Grudem has done a good job of pulling together various texts from the two testaments that have played some role in the question of the Trinity and the Bible. He also demonstrates that he does not simply accept an idea because it fits with his way of thinking. For example, Proverbs 8 is almost certainly a personification of wisdom such as we find in other Jewish literature. It is not in any way thinking of wisdom as an actual being, despite how vividly it portrays her.
Similarly, 1 John 5:7 played no role in the great trinitarian debates of the 300s. This fact alone would indicate it did not exist at the time. After all, it would have been the most explicit trinitarian verse in the entire Bible if it had existed at the time. I affirm Grudem for looking at these passages objectively.

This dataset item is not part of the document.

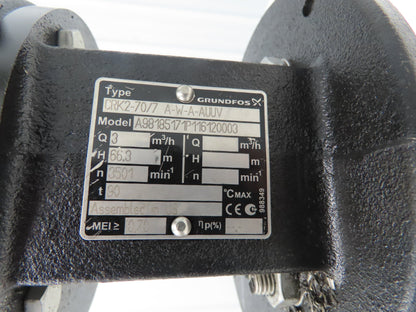 Grundfos CRK2-70/7 A-W-A-AUUV 10" Immersion Coolant Pump 13gpm 2Hp 230/460V 3PH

I want to affirm in strong terms his sense that the Trinity is "progressively" understood in Scripture. That is to say, the New Testament has much more to say in relation to the three persons of the Trinity than the Old Testament does. It is perhaps also significant that he says "more complete" revelation about the Trinity in the New Testament. Surely this wording is acknowledging what seems impossible to deny, namely, that the most complete understanding of the Trinity did not come until the 300s and 400s--hundreds of years after the New Testament was written.
Grudem's basic expectation of the Old Testament seems, at first glance, to be reasonable. We should expect to find hints of the different persons of the Trinity in the Old Testament. The question is whether Grudem is looking in the right way in the right places.
Here we face a fundamental issue of hermeneutics. Do we read biblical texts for what they were likely to mean to those to whom they were first written or do we read them in terms of the full blown Christian faith that was not in place until the 400s after Jesus? For Grudem, these two ways of reading will tend to be the same because he does not really know how to read biblical texts in context.
I personally believe that both are valid ways of reading the text, although the second way is more Christian. It just isn't always what the text meant originally.
For example, Psalm 45 seems to have been a wedding psalm for a king originally. The princess is ready in her chamber, dressed in gold (45:13). She is led to the king with many virgin maidens accompanying her (45:14). They enter the palace and the promise of sons and princes is mentioned (45:16).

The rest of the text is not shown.